# [Description of the task]
In your copy, leave out the pictures and output only the lines from the one holding "key early childhood education certifications" through the end of the data below, exactly.

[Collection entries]

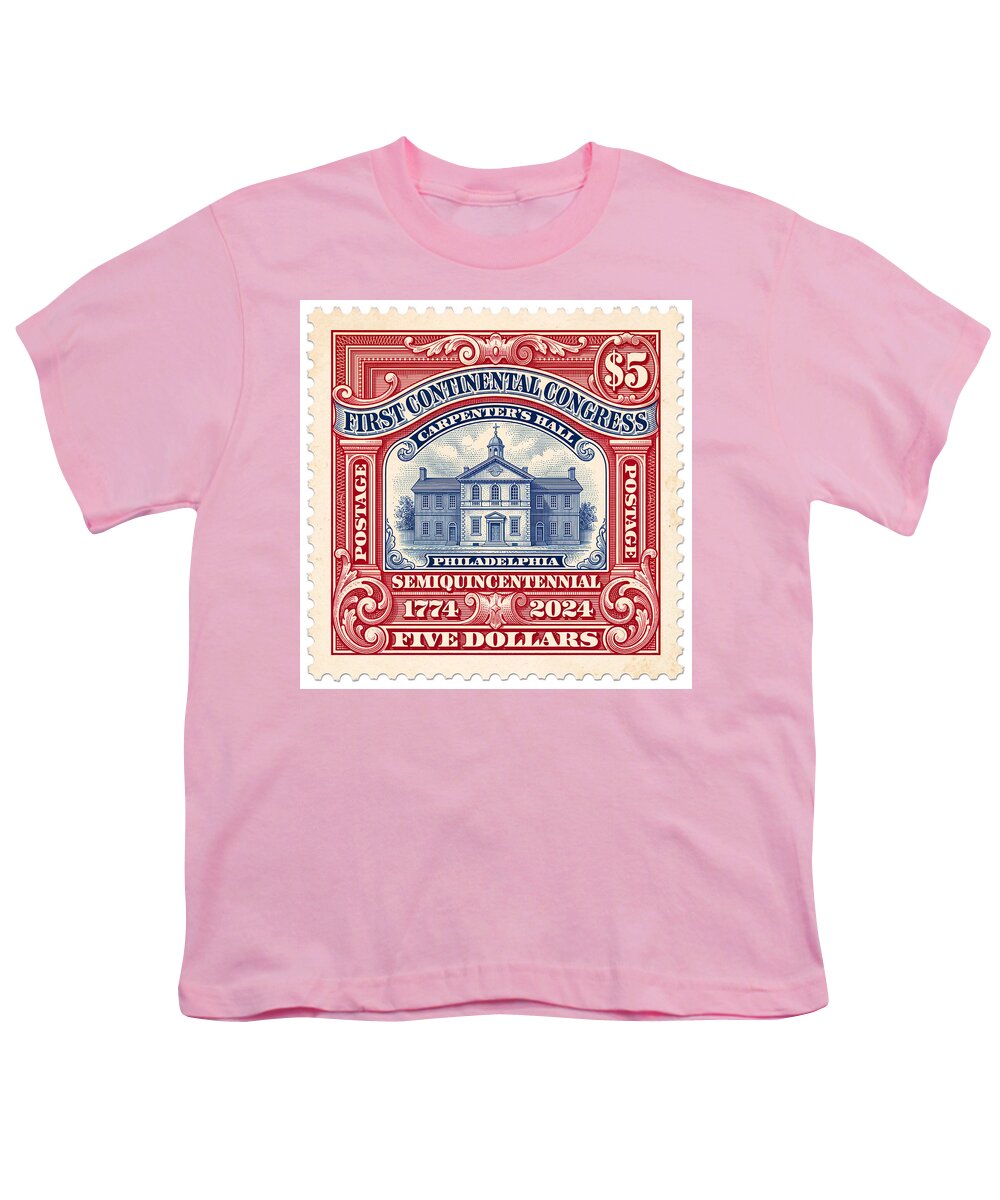 First Continental Congress $5 2 1 - Youth T-Shirt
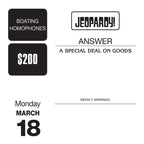 Sony Jeopardy! 2019 Day-to-Day Trivia Calendar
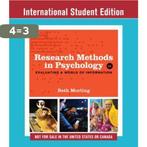 Research Methods in Psychology 9780393643602 Beth Morling, Boeken, Verzenden, Gelezen, Beth Morling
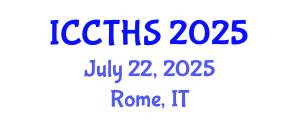 International Conference on Counter Terrorism and Human Security (ICCTHS) July 22, 2025 - Rome, Italy
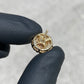 14KT YELLOW GOLD “LARGE” VVS-1 DIAMOND CLUSTERS 1.80CTW EARRINGS
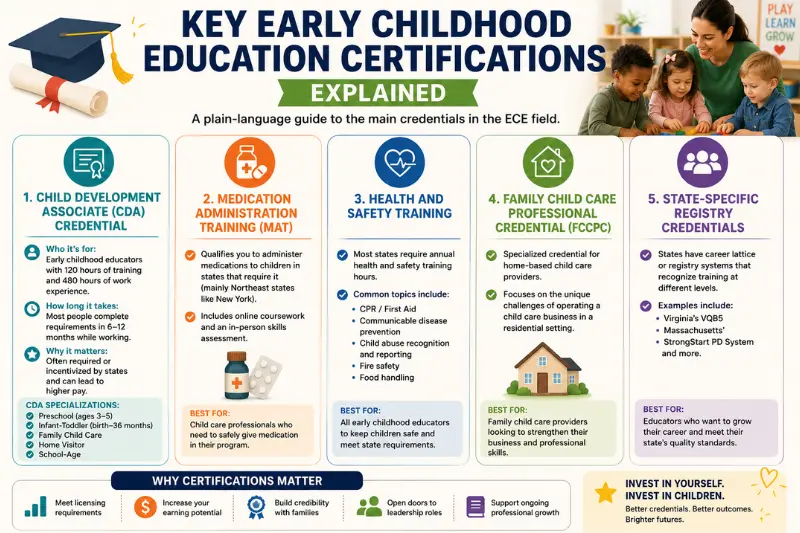 key early childhood education certifications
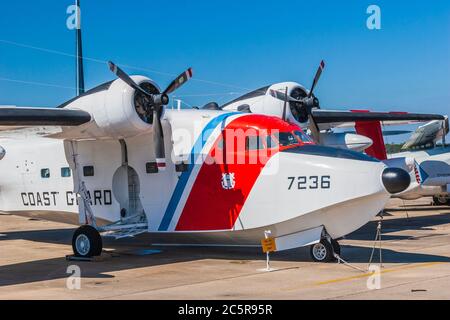 Grumman HU-16e Albatross au Musée de l'air naval de Pensacola, Floride - demeure des Blue Angels. Banque D'Images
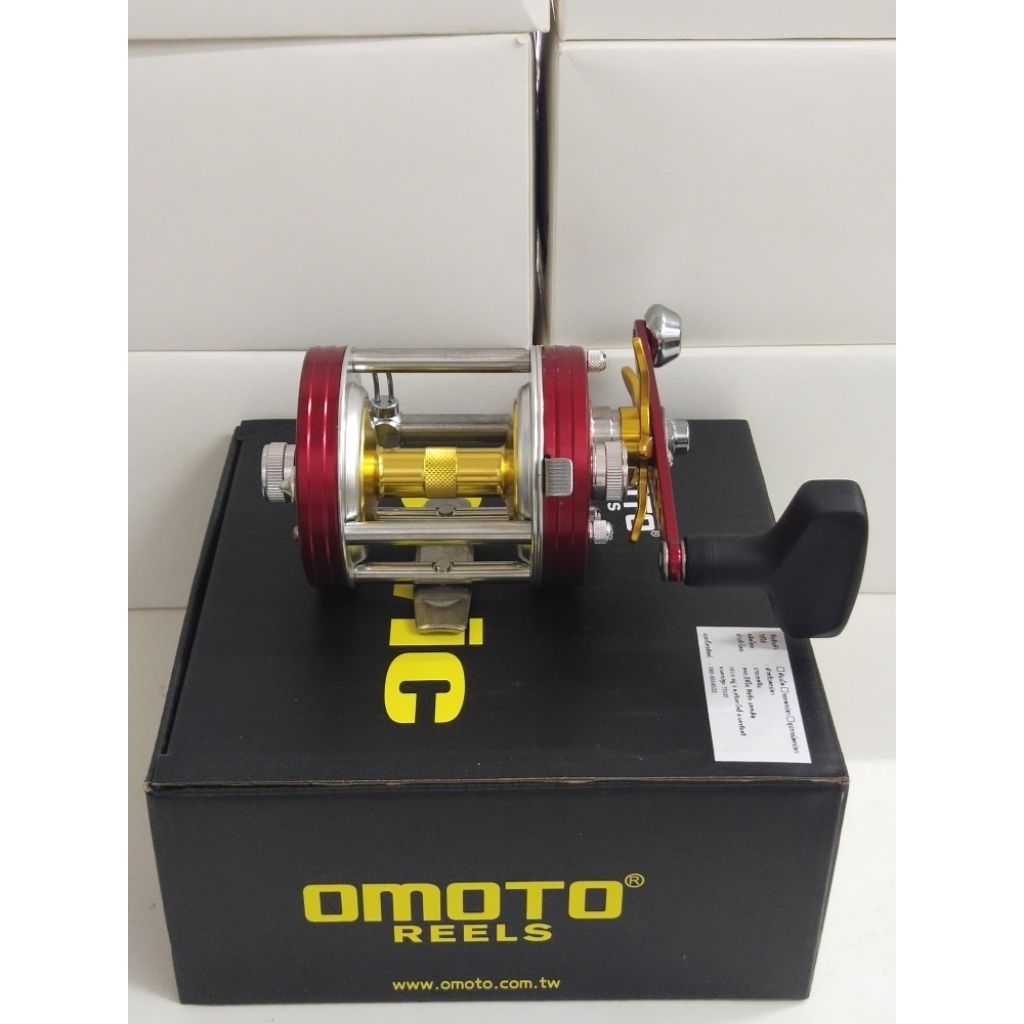 รอกเบท OMOTO รุ่น SIVIC CS 6000 ขวา (สีแดง)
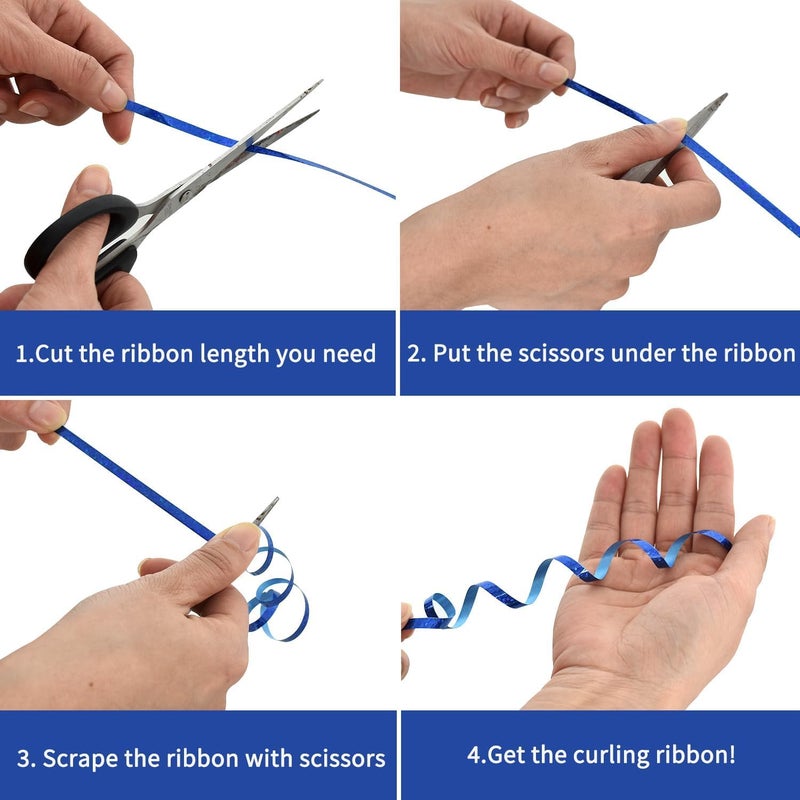 BEISHIDA 500 Yards Purple Crimped Curling Ribbon Shiny Metallic Balloon String Roll Gift Wrapping Ribbon for Halloween Birthday Party Decorations - Image 3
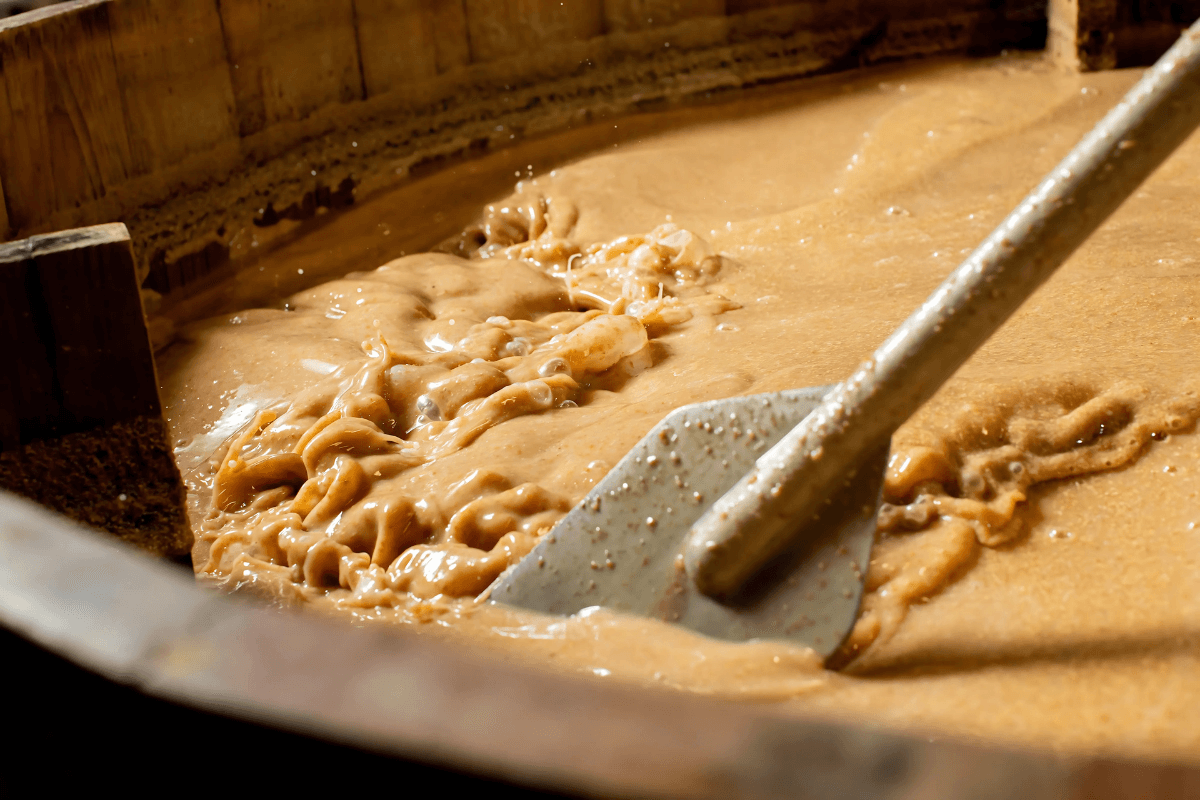 Fermentation process at the Baltimore Spirits Company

# [Reply to the exercise]
 key early childhood education certifications
 Grumman HU-16e Albatross au Musée de l'air naval de Pensacola, Floride - demeure des Blue Angels. Banque D'Images
 รอกเบท OMOTO รุ่น SIVIC CS 6000 ขวา (สีแดง)
 BEISHIDA 500 Yards Purple Crimped Curling Ribbon Shiny Metallic Balloon String Roll Gift Wrapping Ribbon for Halloween Birthday Party Decorations - Image 3
 Fermentation process at the Baltimore Spirits Company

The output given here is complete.